▶ Task prompt:
Set the records down again, exactly, without their images.

Pictures with short captions
******************************

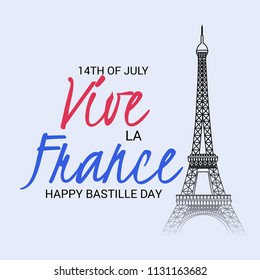 Vector illustration of a Banner for 14 th of July. Happy Bastille Day. Text Space Background.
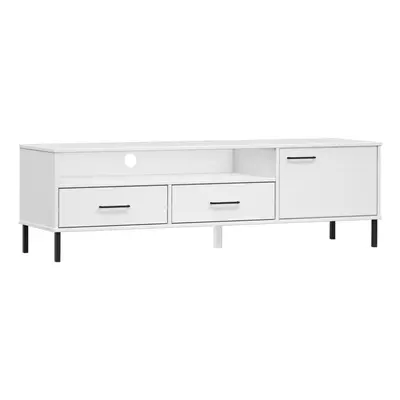 vidaXL Solid Wood Pine TV Cabinet with Metal Legs White OSLO TV Unit Sideboard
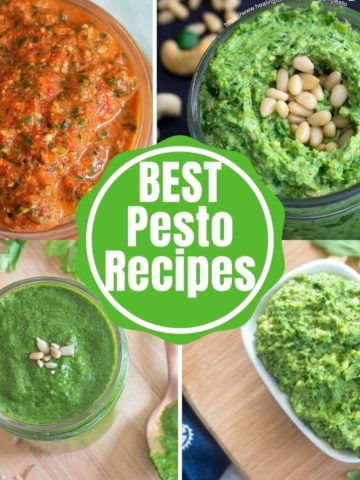 A collage of 4 images in a square with the words "BEST Pesto Recipes" written in the middle
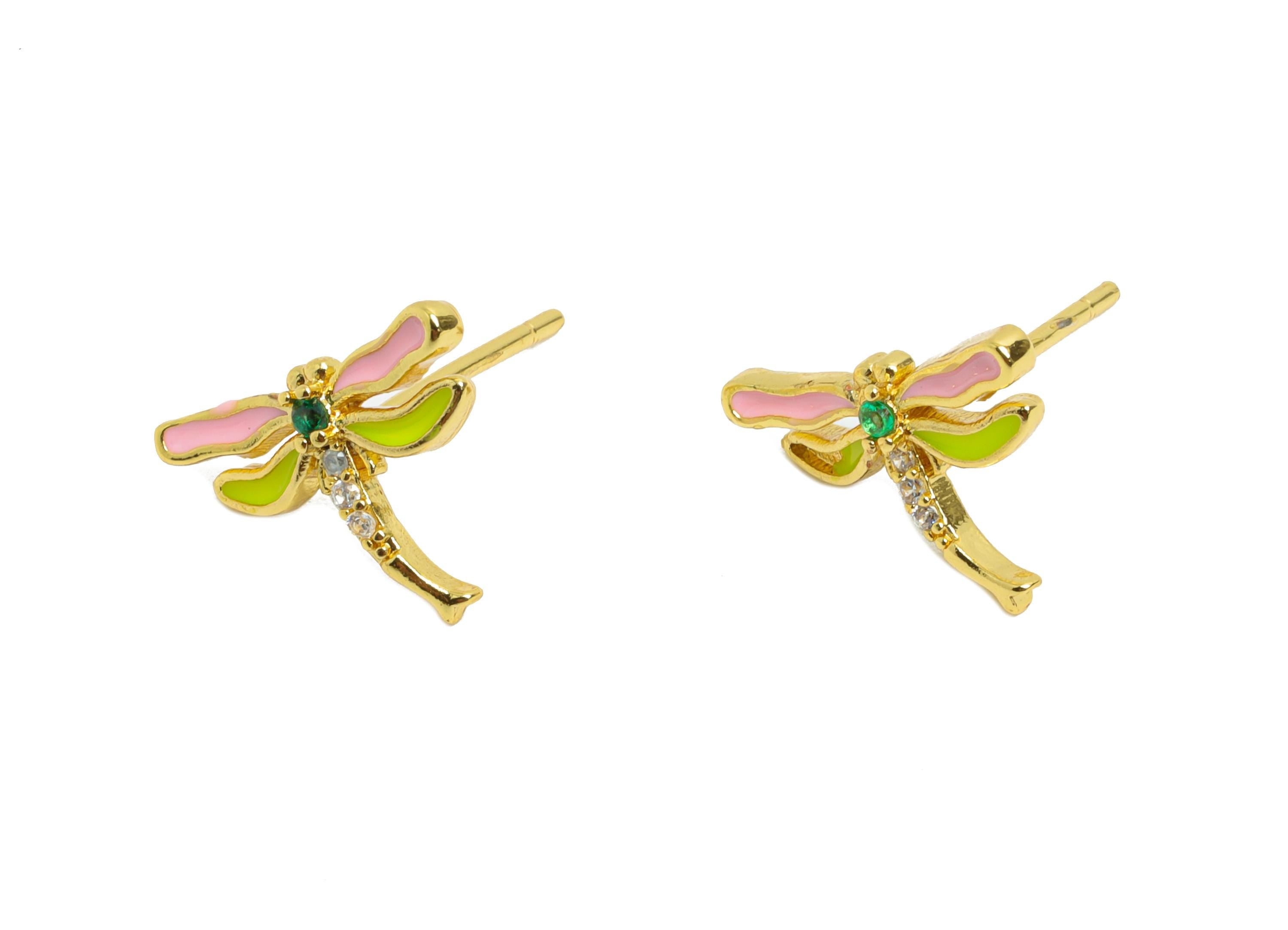 Brass CZ Dragonfly Stud - Modern Enamel Earring Post for Gift - Gold Sparkling Jewelry - 18K Real Gold Plated - 10.12x13.69x0.89mm - RGP9827 - DOMEDBAZAAR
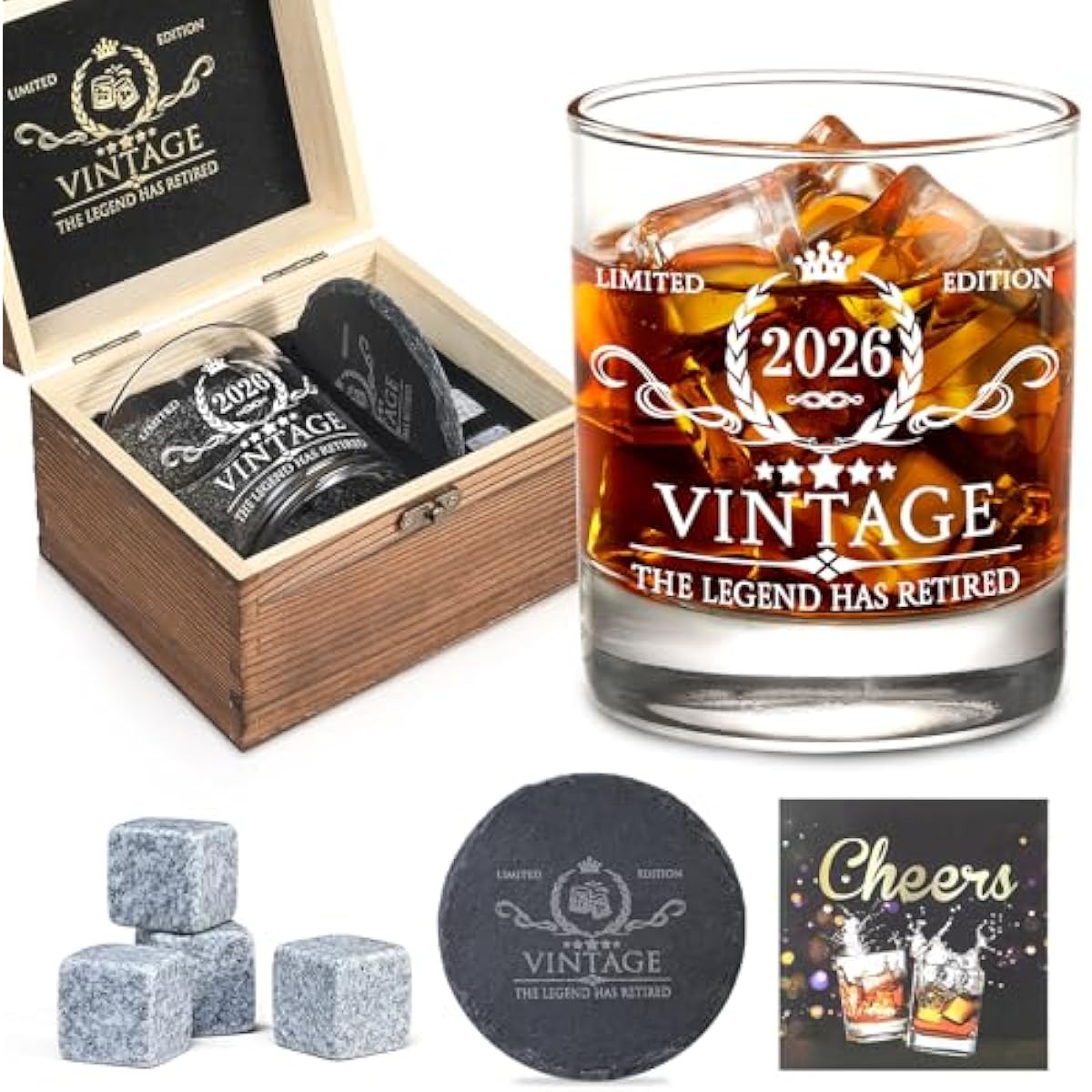 Retirement Gifts for Men Whiskey Glass Set - The Legend Has Retired 2026 - Retirement Party Decorations, Supplies - Gifts Ideas for Him, Dad, Husband, Friends - Wood Box & Whiskey Stones & Coaster
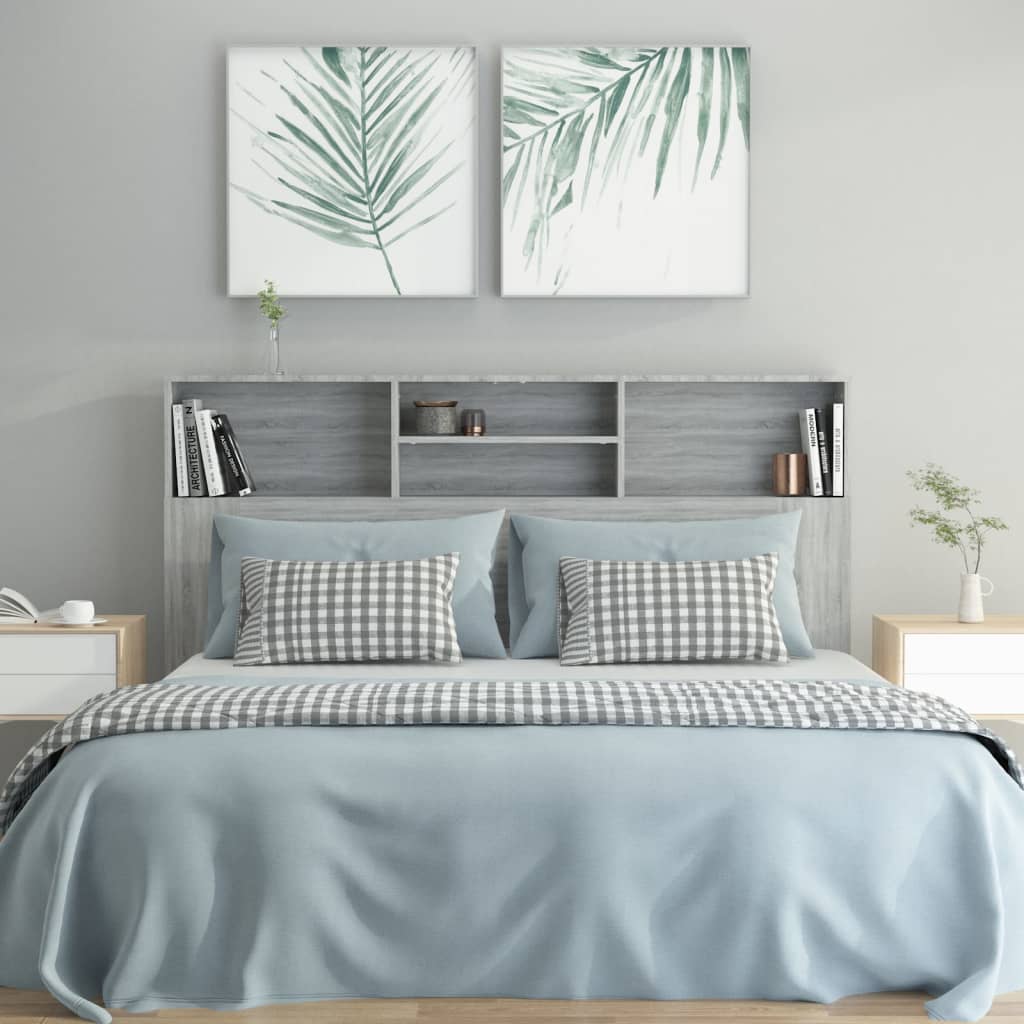 Headboard Cabinet Grey Sonoma 160 cm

******************************

▶ Task output:
 Vector illustration of a Banner for 14 th of July. Happy Bastille Day. Text Space Background.
 vidaXL Solid Wood Pine TV Cabinet with Metal Legs White OSLO TV Unit Sideboard
 A collage of 4 images in a square with the words "BEST Pesto Recipes" written in the middle
 Brass CZ Dragonfly Stud - Modern Enamel Earring Post for Gift - Gold Sparkling Jewelry - 18K Real Gold Plated - 10.12x13.69x0.89mm - RGP9827 - DOMEDBAZAAR
 Retirement Gifts for Men Whiskey Glass Set - The Legend Has Retired 2026 - Retirement Party Decorations, Supplies - Gifts Ideas for Him, Dad, Husband, Friends - Wood Box & Whiskey Stones & Coaster
 Headboard Cabinet Grey Sonoma 160 cm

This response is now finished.